The word lamia [witch, fairy] (from the Greek or shared with Greek) and the idea it signified [2300] belonged to the people of Greece and Latium, as it belongs by its nature to any people. It is precisely one of those words and ideas that, while they are used by writers only jokingly, or as a philosophical reproach, are nonetheless in constant use in everyday speech, and are covertly preserved and perpetuated in it, the way the prejudices and foolish opinions and childish errors of the lowest rabble and the most simpleminded women are; prejudices, etc., about which there is no specific information outside of a particular nation because they are unlikely to be mentioned in writing, or in society, however uncultured it may be.
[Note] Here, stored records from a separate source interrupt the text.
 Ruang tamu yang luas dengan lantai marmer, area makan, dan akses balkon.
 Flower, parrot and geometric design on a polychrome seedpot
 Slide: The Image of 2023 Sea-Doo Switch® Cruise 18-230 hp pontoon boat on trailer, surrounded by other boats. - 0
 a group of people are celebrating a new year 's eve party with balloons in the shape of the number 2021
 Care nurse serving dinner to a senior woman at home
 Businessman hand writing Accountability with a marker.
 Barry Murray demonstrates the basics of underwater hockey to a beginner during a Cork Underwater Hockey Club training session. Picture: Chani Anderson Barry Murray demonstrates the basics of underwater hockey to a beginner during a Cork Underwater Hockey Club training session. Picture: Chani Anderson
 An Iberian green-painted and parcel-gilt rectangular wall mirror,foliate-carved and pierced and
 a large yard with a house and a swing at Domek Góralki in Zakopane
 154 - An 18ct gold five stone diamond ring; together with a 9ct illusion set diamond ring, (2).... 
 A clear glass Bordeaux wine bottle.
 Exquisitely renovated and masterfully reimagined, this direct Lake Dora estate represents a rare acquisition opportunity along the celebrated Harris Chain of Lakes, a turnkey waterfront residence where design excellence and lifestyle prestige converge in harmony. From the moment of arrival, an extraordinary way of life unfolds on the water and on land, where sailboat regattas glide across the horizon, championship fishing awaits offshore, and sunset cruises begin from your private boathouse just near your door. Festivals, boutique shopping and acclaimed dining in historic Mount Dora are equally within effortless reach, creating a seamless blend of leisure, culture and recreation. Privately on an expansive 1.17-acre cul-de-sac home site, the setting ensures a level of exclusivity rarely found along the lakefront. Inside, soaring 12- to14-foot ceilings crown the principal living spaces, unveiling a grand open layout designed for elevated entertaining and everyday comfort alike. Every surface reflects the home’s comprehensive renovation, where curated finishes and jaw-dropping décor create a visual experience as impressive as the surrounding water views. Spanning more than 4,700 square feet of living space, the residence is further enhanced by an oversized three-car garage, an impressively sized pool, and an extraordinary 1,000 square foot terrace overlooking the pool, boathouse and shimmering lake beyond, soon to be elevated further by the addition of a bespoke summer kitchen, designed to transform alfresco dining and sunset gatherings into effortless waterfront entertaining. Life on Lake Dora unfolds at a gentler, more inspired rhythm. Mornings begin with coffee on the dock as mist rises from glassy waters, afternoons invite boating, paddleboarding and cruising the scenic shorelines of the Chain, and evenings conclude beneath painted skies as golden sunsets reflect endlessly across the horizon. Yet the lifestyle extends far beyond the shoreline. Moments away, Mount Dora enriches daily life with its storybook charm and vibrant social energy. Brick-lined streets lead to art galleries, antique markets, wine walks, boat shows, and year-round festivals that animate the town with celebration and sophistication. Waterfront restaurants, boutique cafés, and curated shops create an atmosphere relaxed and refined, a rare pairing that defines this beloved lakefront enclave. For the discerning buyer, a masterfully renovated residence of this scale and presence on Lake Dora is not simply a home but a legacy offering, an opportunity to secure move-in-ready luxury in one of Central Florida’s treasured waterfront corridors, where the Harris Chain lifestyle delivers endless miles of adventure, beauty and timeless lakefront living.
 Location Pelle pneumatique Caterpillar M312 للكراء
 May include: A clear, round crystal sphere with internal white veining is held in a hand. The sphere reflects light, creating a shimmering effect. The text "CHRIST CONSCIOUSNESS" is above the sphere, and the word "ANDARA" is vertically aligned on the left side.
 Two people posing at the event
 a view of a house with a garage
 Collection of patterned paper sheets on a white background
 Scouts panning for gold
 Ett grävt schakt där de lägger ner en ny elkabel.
And above all, if they are old the information is lost (just as in the case of obscene words, which the ancient languages must have had in abundance, as modern languages do, and yet foreigners don’t know them). [2301] Meanwhile such prejudices are handed down by tradition, from father to son, and perpetuated more than anything else of a popular nature along with the words that specifically pertain to them. Of that type is the very ancient, very colloquial word Lamia, λαμία and the idea that it signifies. See Forcellini, the Greek dictionaries, the Glossary, and my Saggio sugli errori popolari degli antichi.1
Now, this word, in fact, passed into colloquial Italian, and it got there not through the writers but through colloquial Latin, which can be demonstrated in two ways.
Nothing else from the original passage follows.